OK. I have to admit, I was a bit surprised by the turn of events from the mid-season finale (and when the hell did this trend start? I don’t remember shows doing this before. Is it just me, or did this crap just start happening a couple years ago? Or am I just dumb?). I fully expected more talky-talky and then Shane doing something reprehensible and getting his macho mug blown off. What we got instead was definitely more interesting.
It’s funny, because the last half of the show made me forget about the first half. I’m trying to remember what went on then. Much of it was pointless, of course, but that’s to be expected by now. Let’s see. Dale makes Glenn tell the group about the barn, because that’s how Dale operates. Instead of helping the kid out so that he can try to keep Maggie from melting down, Dale keeps his role as Group Cockblocker by not claiming he found out about the barn. Maggie, using her Female Telepathy that all women have, knows exactly what is going on from 150 yards away and gets pissed. Everyone in Glenn’s group gets all pissed off at the idea of zombies in the barn. In general, this episode is about being pissed off.
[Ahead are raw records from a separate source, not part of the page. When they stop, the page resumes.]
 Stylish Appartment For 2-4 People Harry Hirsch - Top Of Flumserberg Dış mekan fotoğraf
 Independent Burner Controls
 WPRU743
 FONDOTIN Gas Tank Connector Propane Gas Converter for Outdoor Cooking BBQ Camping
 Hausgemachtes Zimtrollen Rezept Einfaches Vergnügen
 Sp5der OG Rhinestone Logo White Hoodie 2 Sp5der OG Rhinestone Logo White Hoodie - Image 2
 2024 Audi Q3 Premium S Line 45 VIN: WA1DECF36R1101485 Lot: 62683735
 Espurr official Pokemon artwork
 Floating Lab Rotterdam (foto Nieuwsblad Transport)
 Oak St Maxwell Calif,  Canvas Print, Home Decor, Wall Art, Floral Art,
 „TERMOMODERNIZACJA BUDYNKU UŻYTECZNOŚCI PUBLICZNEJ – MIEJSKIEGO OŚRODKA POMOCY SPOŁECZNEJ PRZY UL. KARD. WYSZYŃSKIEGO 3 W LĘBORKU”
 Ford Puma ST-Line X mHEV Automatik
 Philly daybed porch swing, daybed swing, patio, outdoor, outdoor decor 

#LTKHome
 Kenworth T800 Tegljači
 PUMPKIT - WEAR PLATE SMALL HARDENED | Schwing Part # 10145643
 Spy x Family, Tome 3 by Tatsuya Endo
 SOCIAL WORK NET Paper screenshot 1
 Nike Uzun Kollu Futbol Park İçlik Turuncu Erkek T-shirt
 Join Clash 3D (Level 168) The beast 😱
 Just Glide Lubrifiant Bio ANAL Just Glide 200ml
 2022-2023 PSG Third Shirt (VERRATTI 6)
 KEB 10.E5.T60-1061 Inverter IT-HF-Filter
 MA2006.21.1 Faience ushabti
We’re almost there! Nearly caught up! I almost watched Episode 7 directly after Episode 6 last night, because for the first time in a while I was eager to see what was going to happen next. That’s a good sign. I decided to stick with the original plan I had, though, since if I watched more than one at once I was afraid that I get mixed up and that reviews for the earlier episodes would be colored by later ones. So, tonight I’ll watch Ep 7. I’m actually looking forward to it. Huh.
Which is odd, because it wasn’t like Episode 6 was awesome or anything. In fact, I find it hard to remember exactly what happened in a lot of it. The talky parts were pretty dull for the most part. I think what carried the episode for me was Shane, since Fuckin’ Daryl was reduced to a single glimpse of him in a tent. It also featured something that was awesomely realistic and true to life, which I appreciated since they didn’t have to do it.
The downside of this episode for me was once again Glenn (I finally saw how it’s really spelled! God I’m too lazy for this job.). He was asked last episode to keep a secret by two different people, including the girl who has been kind and desperate enough to bang him. But this week we learn that he is “without guile” and apparently even the thought of maybe having to lie to someone makes him uncomfortable and awkward and pained and moronic. So this guy has never been able to keep a secret, eh? I can picture him now: as a young teen, going to the dinner table, his father asking how his day was, and Glenn blurting, “I smacked off to the Sears catalog.” With his first girlfriend, who asks if her jeans make her look fat, “No, it’s all the French fries you eat that makes your ass so big and gross.” To a cop that pulls him over, “Yes, I know how fast I was going, and if you hadn’t pulled me over I’d have been doing at least 90.” I mean, OK, I get it, he’s supposed to be such a good guy that he can’t lie. So when Lori asked him the first fucking time to be discrete and he agreed, why didn’t he bring it up then? Does he not know that “discrete” pretty much means “keep your fucking mouth shut”? I think they overdid his truthiness thing in this episode to the degree that it became completely unbelievable.